I always feel that my role as a reviewer is to help set reader expectations for the books that I review. So, I will say this – if you are primarily a plot reader than this book may not be for you. Readers who do not care about the actual prose or writing of the book (or who value other elements of fiction writing more) may find this novella over-written (some may even call the prose purple) and bloated in its writing. While the Khaw definitely revels in some of the horror elements, particularly in the latter half of the novella, much of the novella is also slow and contemplative.
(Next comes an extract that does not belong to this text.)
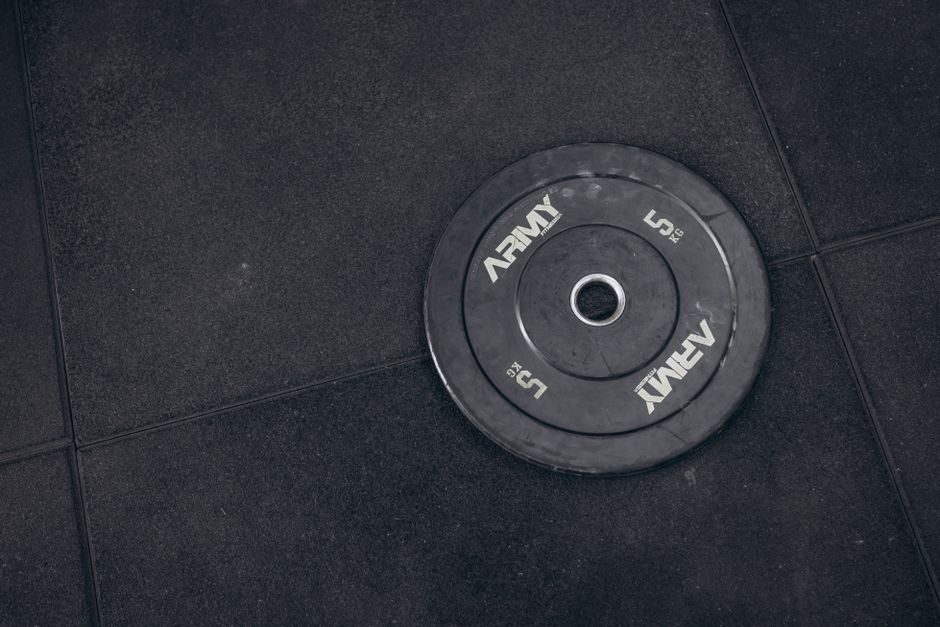 NBR Sizing and Selection: ACN Content, Hardness Bands and Service Limits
If you aren’t swept up in Khaw’s world and writing in the first few pages, then nothing the novella does later really changes that.
For me, the entire thing really worked and I enjoyed spending an evening in Khaw’s messed up world. This was my first book by Cassandra Khaw, and I will now make sure to go seek out more.
Concluding Thoughts:
This novella won’t be for everyone as The Salt Grows Heavy is unlike anything I’ve ever read. It is a gorgeously grotesque fairy-tale lead by two memorable characters finding love in a disturbing world. Readers who love lyrical prose, body horror, and very slanted fairy tale retellings should definitely check this one out.